§ WHAT TO PRODUCE: Your answer must hold only the lines below from the line containing "Vale Forever Purple" through the line containing "Resultat du match", each reproduced exactly.

§ DATASET RECORDS:
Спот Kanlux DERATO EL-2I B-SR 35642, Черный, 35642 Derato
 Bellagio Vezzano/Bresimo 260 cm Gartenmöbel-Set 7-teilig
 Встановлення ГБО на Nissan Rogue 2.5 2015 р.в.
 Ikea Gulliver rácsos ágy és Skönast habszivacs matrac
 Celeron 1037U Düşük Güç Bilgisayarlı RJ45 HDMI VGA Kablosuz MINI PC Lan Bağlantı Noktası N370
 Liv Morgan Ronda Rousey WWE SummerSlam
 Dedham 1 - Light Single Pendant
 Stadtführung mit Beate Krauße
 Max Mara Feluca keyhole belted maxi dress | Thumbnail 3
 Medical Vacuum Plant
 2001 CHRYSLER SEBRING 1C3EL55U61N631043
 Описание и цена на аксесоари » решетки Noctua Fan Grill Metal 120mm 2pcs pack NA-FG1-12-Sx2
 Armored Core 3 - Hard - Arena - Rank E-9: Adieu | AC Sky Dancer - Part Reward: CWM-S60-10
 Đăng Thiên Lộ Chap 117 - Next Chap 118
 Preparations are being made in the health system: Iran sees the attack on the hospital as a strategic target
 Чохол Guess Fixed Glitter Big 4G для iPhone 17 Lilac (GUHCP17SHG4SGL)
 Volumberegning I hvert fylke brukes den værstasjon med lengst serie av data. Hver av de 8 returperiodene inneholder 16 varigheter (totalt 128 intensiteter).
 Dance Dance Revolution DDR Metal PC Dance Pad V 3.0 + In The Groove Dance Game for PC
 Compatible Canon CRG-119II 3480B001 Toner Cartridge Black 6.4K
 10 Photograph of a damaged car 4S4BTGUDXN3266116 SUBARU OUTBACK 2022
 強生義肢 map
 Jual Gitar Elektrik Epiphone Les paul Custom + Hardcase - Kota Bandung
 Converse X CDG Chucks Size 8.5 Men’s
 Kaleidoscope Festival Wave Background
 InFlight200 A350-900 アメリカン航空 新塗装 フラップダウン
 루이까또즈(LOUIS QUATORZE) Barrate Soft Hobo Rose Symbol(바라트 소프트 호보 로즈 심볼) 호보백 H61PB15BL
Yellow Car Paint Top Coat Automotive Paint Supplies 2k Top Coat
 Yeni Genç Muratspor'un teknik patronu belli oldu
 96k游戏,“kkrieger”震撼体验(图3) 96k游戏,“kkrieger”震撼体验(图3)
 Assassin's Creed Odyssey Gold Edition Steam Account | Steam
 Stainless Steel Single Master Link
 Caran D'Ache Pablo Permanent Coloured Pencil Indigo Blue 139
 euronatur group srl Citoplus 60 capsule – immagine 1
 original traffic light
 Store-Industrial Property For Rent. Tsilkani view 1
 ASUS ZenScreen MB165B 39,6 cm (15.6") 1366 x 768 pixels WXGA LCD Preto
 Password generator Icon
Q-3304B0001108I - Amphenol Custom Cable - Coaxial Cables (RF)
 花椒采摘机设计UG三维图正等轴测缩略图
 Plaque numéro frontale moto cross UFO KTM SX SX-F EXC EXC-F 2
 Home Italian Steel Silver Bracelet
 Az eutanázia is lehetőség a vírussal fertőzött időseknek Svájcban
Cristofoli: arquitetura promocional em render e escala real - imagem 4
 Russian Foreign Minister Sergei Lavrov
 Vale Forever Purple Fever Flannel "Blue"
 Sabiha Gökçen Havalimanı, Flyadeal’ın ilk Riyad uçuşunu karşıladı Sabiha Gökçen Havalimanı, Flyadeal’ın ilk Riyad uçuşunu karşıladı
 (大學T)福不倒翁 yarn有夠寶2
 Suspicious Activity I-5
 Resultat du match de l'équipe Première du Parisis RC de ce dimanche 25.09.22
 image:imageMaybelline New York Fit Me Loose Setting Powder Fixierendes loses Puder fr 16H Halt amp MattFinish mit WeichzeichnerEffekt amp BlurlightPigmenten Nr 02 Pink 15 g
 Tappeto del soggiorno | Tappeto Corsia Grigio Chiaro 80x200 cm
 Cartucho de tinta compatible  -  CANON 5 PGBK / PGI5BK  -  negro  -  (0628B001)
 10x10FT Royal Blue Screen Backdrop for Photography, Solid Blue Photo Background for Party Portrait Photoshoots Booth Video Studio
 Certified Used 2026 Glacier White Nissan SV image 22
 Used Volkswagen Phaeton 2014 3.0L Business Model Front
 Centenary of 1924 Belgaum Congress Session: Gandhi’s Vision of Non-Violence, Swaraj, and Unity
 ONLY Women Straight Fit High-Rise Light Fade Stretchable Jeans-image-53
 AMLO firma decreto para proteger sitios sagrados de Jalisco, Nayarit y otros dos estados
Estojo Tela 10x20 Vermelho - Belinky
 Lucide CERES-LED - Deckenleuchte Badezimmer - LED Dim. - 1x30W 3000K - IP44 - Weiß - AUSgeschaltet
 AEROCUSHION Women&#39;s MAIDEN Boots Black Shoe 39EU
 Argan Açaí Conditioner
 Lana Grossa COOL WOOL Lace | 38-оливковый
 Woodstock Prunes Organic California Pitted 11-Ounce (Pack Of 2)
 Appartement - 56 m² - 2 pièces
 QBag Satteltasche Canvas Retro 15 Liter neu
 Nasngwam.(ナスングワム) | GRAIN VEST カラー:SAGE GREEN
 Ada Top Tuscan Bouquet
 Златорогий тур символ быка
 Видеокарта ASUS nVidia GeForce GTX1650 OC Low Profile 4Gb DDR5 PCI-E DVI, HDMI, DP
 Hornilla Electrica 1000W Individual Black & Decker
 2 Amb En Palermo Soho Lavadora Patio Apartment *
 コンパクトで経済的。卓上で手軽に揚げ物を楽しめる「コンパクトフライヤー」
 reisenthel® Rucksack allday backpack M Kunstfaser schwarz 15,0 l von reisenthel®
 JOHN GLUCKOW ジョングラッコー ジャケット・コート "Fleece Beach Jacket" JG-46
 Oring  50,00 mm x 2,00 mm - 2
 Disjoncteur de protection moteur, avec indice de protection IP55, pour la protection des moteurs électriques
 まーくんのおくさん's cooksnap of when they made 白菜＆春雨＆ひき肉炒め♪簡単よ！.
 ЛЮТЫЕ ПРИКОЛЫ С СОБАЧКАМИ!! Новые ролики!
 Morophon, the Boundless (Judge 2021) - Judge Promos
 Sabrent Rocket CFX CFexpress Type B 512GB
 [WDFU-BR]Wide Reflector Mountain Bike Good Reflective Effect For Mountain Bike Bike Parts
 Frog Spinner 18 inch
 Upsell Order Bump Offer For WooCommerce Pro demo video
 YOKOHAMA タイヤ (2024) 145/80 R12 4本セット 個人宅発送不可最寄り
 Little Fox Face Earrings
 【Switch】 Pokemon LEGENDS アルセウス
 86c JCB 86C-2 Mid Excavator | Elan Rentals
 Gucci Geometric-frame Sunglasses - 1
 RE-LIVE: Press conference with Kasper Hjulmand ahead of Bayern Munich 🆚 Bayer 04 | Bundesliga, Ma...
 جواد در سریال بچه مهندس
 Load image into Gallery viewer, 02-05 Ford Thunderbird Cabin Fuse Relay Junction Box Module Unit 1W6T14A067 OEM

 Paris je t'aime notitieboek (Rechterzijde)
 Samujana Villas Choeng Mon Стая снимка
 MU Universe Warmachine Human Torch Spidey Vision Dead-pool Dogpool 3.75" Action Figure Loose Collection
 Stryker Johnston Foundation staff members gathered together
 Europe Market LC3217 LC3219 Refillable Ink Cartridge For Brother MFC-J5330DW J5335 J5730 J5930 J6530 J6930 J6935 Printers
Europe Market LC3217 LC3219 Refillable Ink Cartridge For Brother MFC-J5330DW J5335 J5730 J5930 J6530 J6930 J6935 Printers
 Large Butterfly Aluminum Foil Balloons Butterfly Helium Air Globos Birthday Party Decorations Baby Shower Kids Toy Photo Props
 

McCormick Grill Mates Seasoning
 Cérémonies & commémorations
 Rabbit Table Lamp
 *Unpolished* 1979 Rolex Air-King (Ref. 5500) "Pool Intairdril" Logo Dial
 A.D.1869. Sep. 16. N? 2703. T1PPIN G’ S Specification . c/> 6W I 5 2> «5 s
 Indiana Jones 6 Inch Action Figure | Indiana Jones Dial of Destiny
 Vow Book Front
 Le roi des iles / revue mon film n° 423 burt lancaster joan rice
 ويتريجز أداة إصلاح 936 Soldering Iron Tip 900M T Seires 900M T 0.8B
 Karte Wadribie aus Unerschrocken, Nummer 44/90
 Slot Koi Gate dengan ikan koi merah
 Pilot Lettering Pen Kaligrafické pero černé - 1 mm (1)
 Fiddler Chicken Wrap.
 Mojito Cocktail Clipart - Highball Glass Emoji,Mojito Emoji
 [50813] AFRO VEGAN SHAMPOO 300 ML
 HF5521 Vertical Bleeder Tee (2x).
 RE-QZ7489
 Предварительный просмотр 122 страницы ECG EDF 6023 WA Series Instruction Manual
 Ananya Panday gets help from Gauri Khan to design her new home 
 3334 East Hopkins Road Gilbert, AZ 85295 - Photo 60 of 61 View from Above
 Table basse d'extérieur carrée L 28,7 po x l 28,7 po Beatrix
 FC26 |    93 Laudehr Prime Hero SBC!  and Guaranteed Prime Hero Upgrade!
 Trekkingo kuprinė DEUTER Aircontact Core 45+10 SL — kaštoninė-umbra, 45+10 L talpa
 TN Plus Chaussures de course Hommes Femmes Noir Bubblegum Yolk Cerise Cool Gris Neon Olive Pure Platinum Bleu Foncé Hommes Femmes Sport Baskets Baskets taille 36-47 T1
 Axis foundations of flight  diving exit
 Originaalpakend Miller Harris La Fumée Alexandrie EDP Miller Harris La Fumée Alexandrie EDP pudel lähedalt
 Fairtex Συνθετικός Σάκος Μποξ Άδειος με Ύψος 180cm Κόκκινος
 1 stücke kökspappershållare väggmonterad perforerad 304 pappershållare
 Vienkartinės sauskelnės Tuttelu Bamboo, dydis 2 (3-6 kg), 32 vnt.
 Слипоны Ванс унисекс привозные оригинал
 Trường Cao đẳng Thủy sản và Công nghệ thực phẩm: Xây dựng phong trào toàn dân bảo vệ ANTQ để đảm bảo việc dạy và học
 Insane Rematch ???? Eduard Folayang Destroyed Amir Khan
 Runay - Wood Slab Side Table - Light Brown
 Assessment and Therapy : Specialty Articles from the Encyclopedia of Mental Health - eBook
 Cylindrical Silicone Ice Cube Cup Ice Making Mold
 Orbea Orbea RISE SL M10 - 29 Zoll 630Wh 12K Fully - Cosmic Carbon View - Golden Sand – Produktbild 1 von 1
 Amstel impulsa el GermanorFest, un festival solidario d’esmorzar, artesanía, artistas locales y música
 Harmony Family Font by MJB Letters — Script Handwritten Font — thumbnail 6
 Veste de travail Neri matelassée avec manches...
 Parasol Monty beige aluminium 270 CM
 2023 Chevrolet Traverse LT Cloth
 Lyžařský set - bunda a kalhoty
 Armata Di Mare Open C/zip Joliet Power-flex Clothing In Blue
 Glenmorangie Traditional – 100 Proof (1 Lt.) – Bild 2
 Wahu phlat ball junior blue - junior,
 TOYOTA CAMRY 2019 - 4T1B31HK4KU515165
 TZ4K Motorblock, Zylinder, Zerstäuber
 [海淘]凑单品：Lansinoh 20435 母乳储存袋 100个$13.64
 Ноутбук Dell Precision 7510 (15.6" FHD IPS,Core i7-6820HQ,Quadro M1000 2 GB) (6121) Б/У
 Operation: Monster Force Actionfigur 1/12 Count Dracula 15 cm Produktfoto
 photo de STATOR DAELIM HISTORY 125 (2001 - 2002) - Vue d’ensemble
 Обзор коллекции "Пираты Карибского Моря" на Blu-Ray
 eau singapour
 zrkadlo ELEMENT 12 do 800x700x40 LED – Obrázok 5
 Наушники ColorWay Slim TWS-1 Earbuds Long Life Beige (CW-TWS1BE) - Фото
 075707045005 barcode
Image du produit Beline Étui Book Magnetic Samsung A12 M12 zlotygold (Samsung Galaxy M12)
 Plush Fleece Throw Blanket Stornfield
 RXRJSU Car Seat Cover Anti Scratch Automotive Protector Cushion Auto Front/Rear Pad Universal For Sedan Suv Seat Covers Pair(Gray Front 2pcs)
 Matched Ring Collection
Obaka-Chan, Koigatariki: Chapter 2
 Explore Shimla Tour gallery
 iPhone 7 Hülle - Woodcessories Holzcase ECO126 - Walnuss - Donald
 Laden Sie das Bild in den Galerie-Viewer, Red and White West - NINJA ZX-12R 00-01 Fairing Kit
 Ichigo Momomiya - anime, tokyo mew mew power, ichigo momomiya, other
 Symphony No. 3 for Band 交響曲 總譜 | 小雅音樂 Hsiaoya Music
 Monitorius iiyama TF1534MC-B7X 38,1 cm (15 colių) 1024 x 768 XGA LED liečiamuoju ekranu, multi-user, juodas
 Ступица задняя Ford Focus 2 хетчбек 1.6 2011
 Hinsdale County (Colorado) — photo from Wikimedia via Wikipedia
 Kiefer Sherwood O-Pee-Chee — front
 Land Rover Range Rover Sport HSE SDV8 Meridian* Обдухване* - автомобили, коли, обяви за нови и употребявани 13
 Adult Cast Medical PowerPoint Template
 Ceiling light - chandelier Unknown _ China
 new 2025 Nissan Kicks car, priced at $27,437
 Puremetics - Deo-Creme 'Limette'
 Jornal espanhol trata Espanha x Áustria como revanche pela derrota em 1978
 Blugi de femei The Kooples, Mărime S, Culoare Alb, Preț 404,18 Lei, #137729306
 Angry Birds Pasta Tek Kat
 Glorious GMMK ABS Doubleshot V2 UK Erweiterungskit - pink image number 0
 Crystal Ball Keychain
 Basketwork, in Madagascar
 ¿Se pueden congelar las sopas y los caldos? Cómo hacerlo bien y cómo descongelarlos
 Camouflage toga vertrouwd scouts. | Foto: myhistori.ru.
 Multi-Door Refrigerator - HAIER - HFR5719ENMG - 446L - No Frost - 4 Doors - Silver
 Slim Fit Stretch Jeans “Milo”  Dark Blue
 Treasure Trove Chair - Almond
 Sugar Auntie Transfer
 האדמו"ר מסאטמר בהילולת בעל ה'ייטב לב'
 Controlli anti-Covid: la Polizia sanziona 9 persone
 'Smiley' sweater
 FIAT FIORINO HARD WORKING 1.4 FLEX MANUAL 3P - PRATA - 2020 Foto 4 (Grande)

§ EXPECTED ANSWER:
 Vale Forever Purple Fever Flannel "Blue"
 Sabiha Gökçen Havalimanı, Flyadeal’ın ilk Riyad uçuşunu karşıladı Sabiha Gökçen Havalimanı, Flyadeal’ın ilk Riyad uçuşunu karşıladı
 (大學T)福不倒翁 yarn有夠寶2
 Suspicious Activity I-5
 Resultat du match de l'équipe Première du Parisis RC de ce dimanche 25.09.22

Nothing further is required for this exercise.